Afonso Dias, o camionista, foi condenado a três anos de prisão efectiva por envolvimento no desaparecimento do menino Rui Pedro. Um caso que devastou seus pais e sensibilizou todo o país, tal como outros que, com excessiva e angustiante frequência, têm ocorrido no país. Um tema tenebroso e velho de décadas. A mãe do menino não desiste de o procurar alimentando a ténue esperança de o encontrar com vida. Nada!, não há rasto do Rui Pedro! Não se sabe o que lhe aconteceu a partir de certa altura, quando deixou uma certa prostituta. Julga-se que, Afonso, seu grande amigo, sabe. Não imagino a intensidade da angústia semelhante à dos pais que não sabem o que aconteceu ao seu filho!
De tudo o que li sobre o tema não há provas concludentes da culpabilidade de Afonso Dias. No entanto, foi condenado, apesar do princípio jurídico do "in dúbio pro réu"! Porque foi Afonso condenado havendo dúvidas da sua culpabilidade? Admito que possa ignorar algo essencial do processo, mas, quanto a mim, Afonso foi condenado para apaziguar o sofrimento da mãe do Rui Pedro e ir de encontro à espectativa da comunidade, que nele precisam de ver "o culpado". E este é um tema da natureza humana profunda, desde os primórdios do "Australopithecus Africanus"; a compulsão da necessidade do "bode expiatório" como factor de compensação de perda.

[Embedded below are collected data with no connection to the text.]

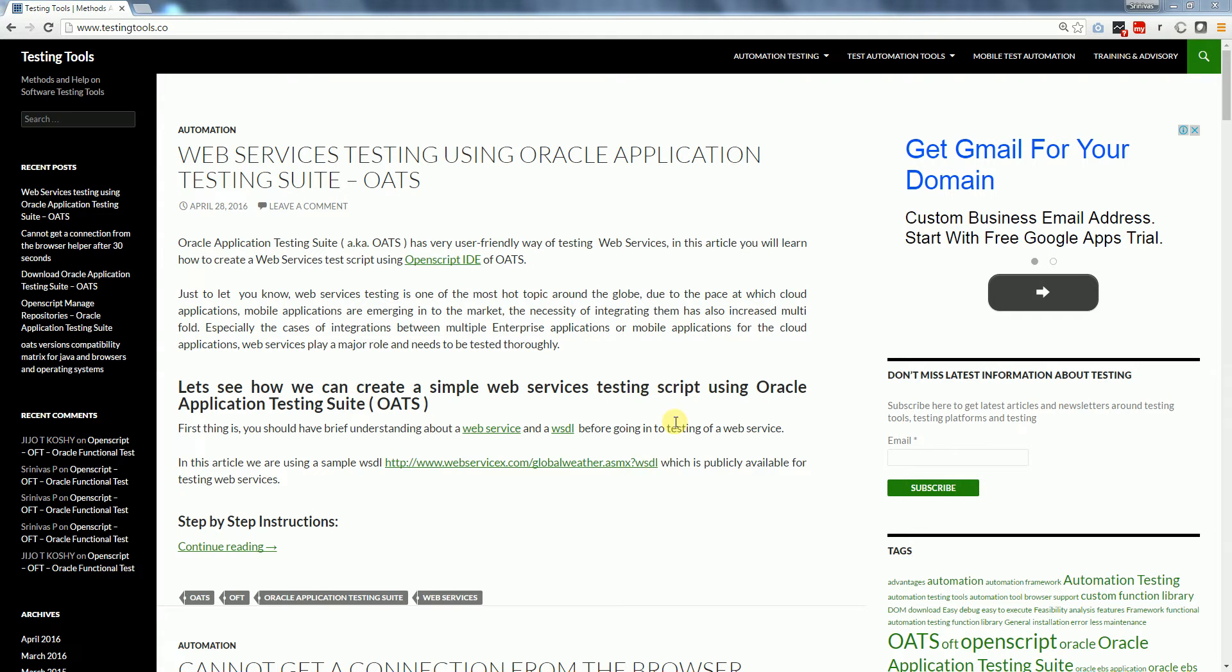Welcome to testingtools.co. Today in this video tutorial we will learn how to create web services testing script using Oracle Application Testing Suite, which is also called OATS.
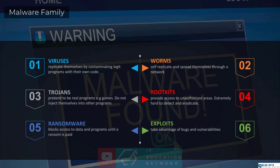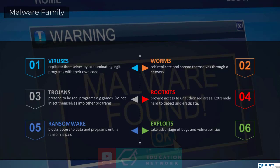Now, rootkits — there is a very specific reason why they are highlighted in red. These are quite possibly the most dangerous form of malware. They are extremely nasty, very hard to detect, and very hard to eradicate. What makes them even more nasty is the fact that they provide access to unauthorized areas. We'll talk about rootkits very soon. And then you have ransomware, which is becoming more and more popular. A ransomware form of malware will block access to data or programs until a ransom is paid — basically your system being hijacked. You pay the ransom or say goodbye to your files.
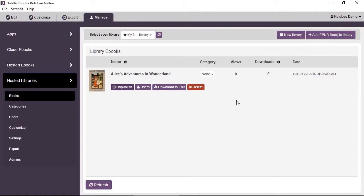In the books sub page we can see the book that we uploaded — a single book. In the case of multiple books we'll have many books stacked on top of each other.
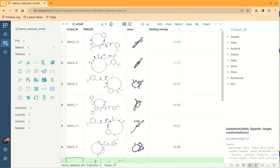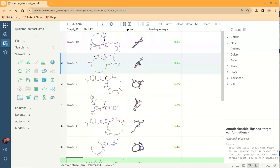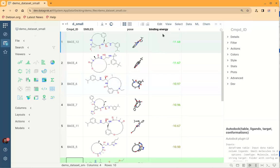After the docking process finishes we will see the poses of the docked molecules and the binding energy. The table will be sorted by binding energy from best affinity to worst.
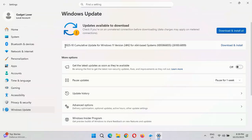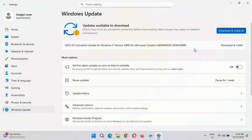You can see the 2025-10 cumulative update for Windows 11 version 24H2 for x64-based systems — KB5066835 — is available to download and install. The size of this update is 333.9 MB.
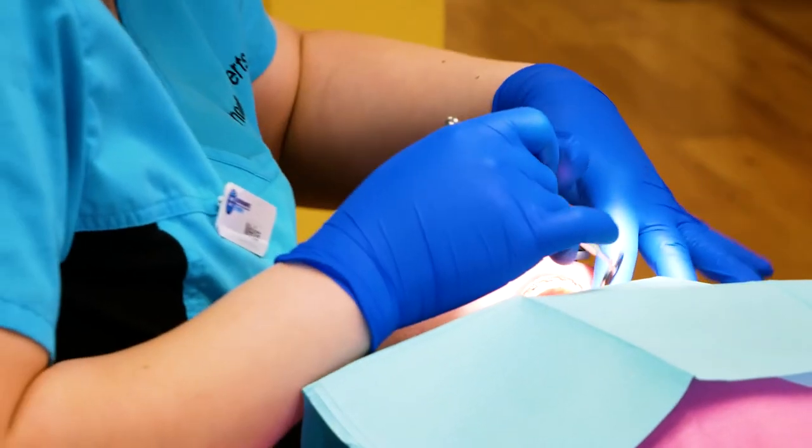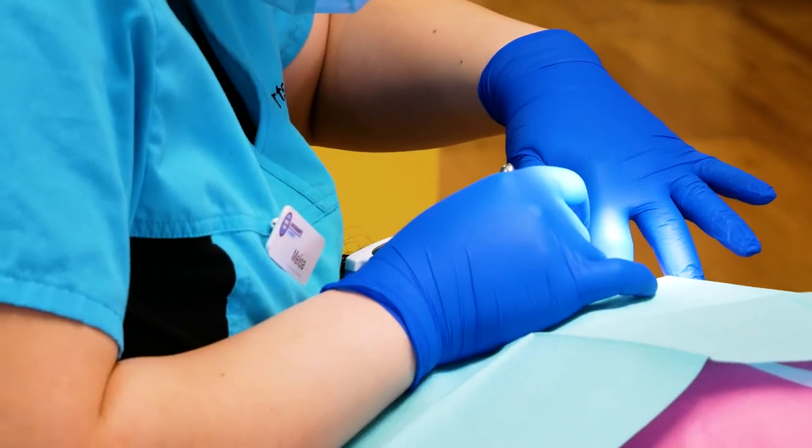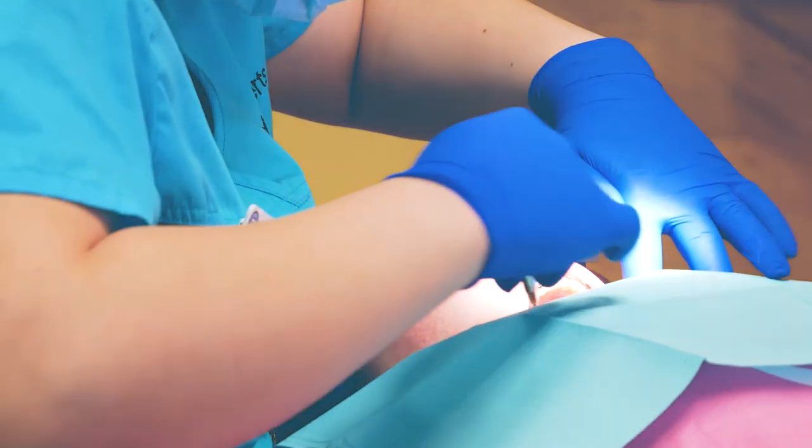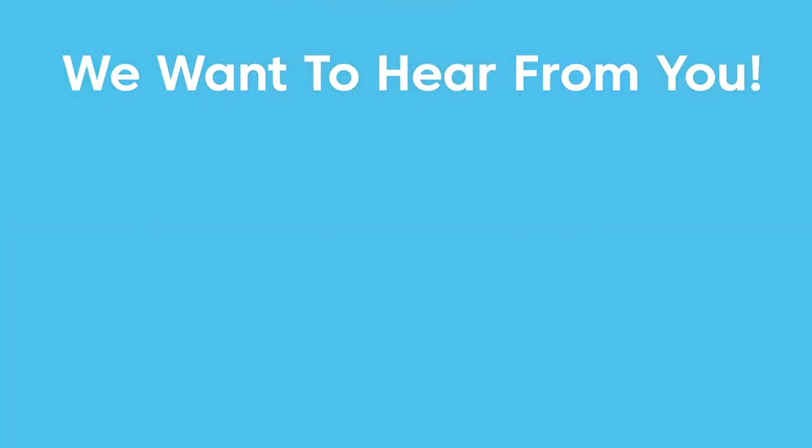An orthodontist can successfully apply bands to your teeth using these tools. If there is an orthodontic tool that you would like to learn more about, let us know in the comment section below.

Os sacrifícios religiosos de animais e até de seres humanos ao longo da história das sociedades humanas, associada às práticas religiosas ou afins, visavam ressarcir os deuses por "pecados" próprios ou de terceiros, ou suscitar a sua graça por uma causa futura. A autoflagelação, prática corrente em certas religiões, mais não é do que a tentativa de recuperação da inocência através da suscitação da comiseração divina pela via da sofrimento autoinflingido. Até nas coisas mais banais, como no futebol, este mecanismo funciona; sempre se procura algo ou alguém a quem atribuir a responsabilidade dos inêxitos pela simples razão de que atenua dolorosa realidade, que no fundo se conhece.
A sofrimento e o definhamento da mãe do Rui Pedro, pedia um culpado, um bode expiatório. Sangue pede sangue, não importa de quem, apenas sangue por conta de algo!, uma tradição bárbara que nem Cristo conseguiu extinguir, nem mesmo aos "cristãos"! Afonso Dias foi o melhor candidato. Acredito que, com esta condenação, os pais do menino, num primeiro momento, se sintam mais apaziguados por julgarem ter-se feito justiça. Mas sei que a dúvida da culpabilidade de Afonso acabará por os angustiar ainda mais. E no entanto, são pessoas que apenas não sabem lidar com o seu enorme sofrimento.
Confesso que não sei como se sai deste labirinto, a não ser pelas palavras sábias de Jorge Luis Borges...ou de Jesus Cristo, o Redentor!